Counsel have not been able to refer me to any other cases in the Washington courts involving very similar facts and adjudicating the question as to the legal relationship *609 of employer and employee between the cab company and the drivers. But it will be noted, in line with the law as determined by the House of Lords in the case referred to, that cab companies operating on somewhat but not entirely similar facts in the District of Columbia, have been held liable to members of the public injured by the negligent driving of the cabs. Rhone v. Try Me Cab Co., 62 App.D.C. 201, 65 F.2d 834; Callas v. Independent Taxi Owners' Ass'n, Inc., 62 App.D.C. 212, 66 F.2d 192; Champ v. Atkins, App.D.C., 128 F.2d 601, 602.

On similar but not identical facts the relation of employer and employee was held not established between a taxicab company and the drivers of its cabs, in Coviello v.
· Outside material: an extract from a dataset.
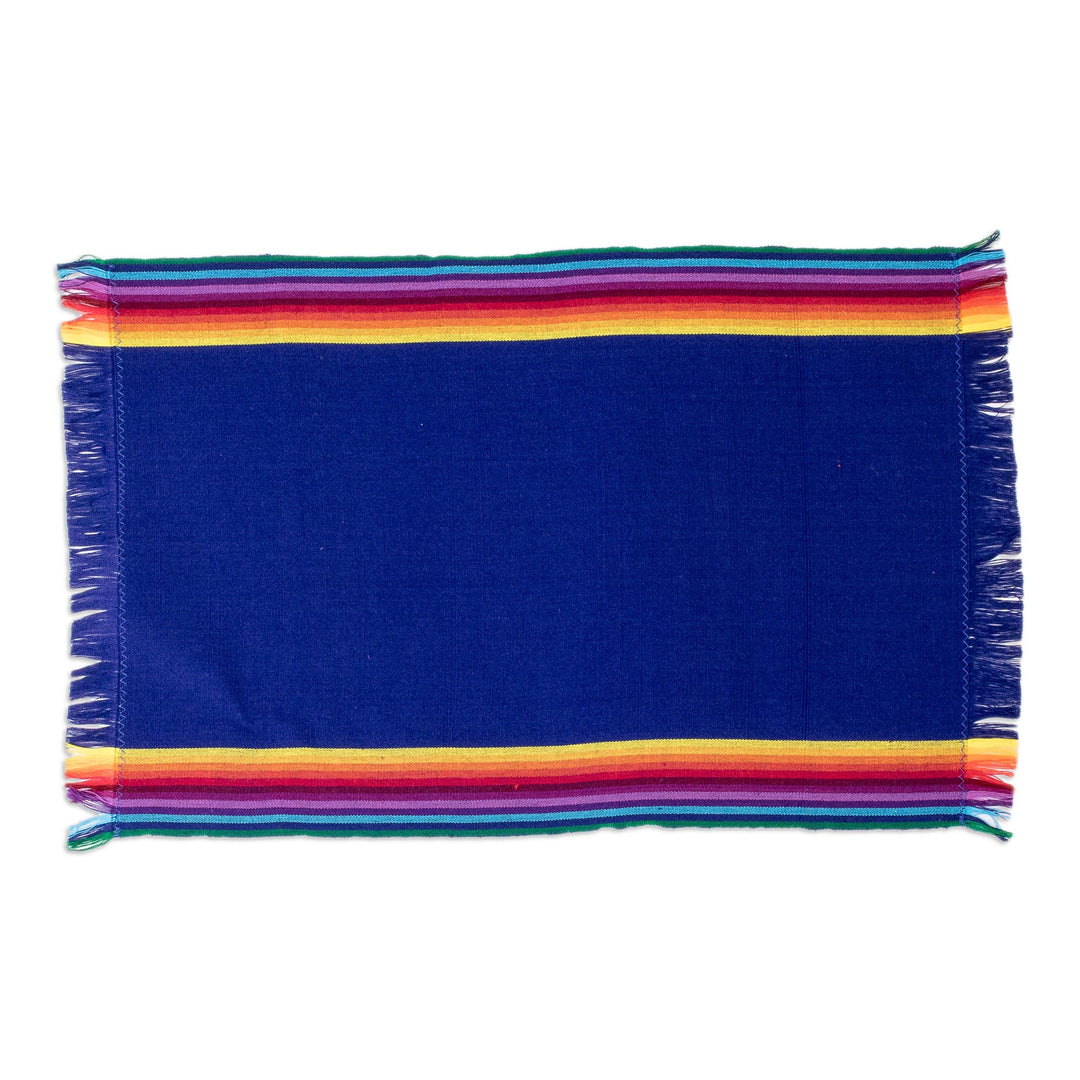 Handwoven Cotton Indigo Placemats with Napkins (Set of 4) - Indigo Balance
Industrial Commission, 129 Ohio 589, 196 N.E. 661, although it was likewise pointed out in that case that the cab company would be liable to members of the public who were negligently injured by the cab driver. See also for a very full discussion of the legal principle involved, Meredith Publishing Co. v. Iowa Unemployment Commission, Iowa, 6 N.W.2d 6; Washington Recorded Publishing Co. v. Ernst, 199 Wash. 176, 91 P.2d 718, 124 A.L.R. 667 (dealing with news distributors).
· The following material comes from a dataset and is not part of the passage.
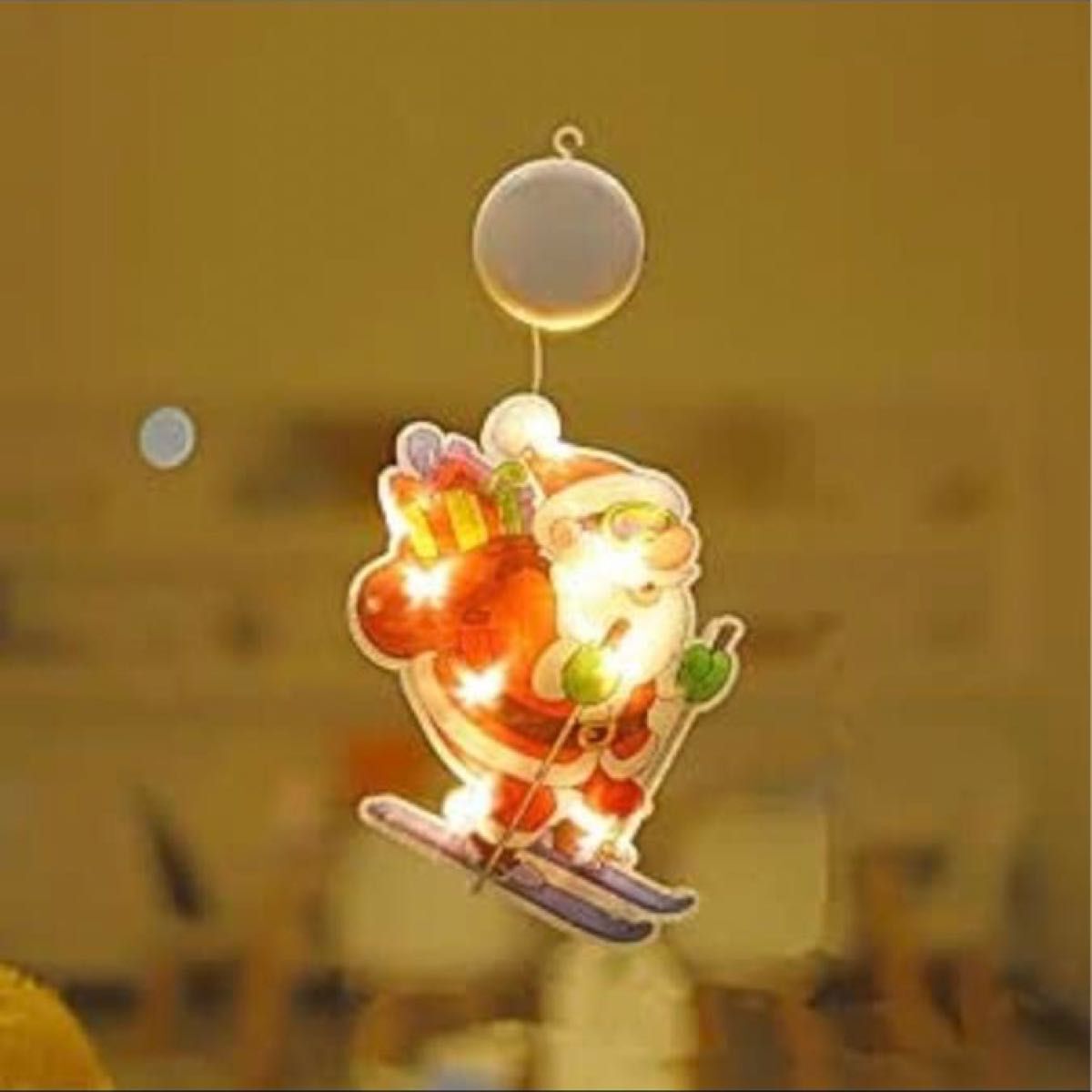 LEDライト クリスマス飾り イルミネーション 吸盤式　窓飾り　電飾 電池　スキー　サンタ C0929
The practically uncontradicted evidence in this case is that the only legal relationship between the plaintiff and the drivers of its cabs was that of a lease or hiring of the cabs. About one-half of all cabs owned by the plaintiff were leased to the drivers under formal printed leases, several copies of which signed by both the Yellow Cab Company and the drivers, have been offered in evidence as plaintiff's exhibits Nos. 7 and 8. The substance of the lease is that a particularly described automobile is leased for a certain sum per week, or per day, by the cab company to the driver, who stipulated that he will pay the rental, that he operate the cab, maintain it at his expense in good working order and repair, and be responsible for loss or damage except that caused by collision or other casualty covered by insurance which the lessor agreed to carry; the lease to be terminated by the lessor upon default of the lessee in compliance with conditions and the lessee to be entitled to a bill of sale for the car upon completion of payment of stipulated rental for a stated number of weeks (about 80 to 90).

The evidence showed that such formal leases were customarily made with respect to new or nearly new cabs but that older cabs were generally hired to drivers from day to day only upon the payment of a stipulated rental. As further appears from the findings of fact in this case, the lessee or driver was free to use the cab or not use the cab as he pleased and to drive it when and where he wished and received and retained his whole earnings without accounting therefor at any time to the plaintiff. The driver was not subject to any control whatever by the plaintiff with respect to his driving of the cab, but was, of course, obliged to obey public laws and applicable regulations. The defendant's argument, in support of the contention that there was a relation of employer and employee, is based almost entirely on the plaintiff's public advertisements of its business, the uniform color in which its cabs were painted, and the maintenance of call boxes. This evidence no doubt subjected the plaintiff to legal liability for injuries negligently caused by the drivers to the public, but it is not inconsistent with the positive evidence in this case of the real relationship between the cab company and the drivers. The cab company's public advertisements, uniform color scheme and maintenance of call boxes were an effective means of making popular its cabs and thereby enabling it to lease or hire them to drivers on terms that it deemed satisfactory.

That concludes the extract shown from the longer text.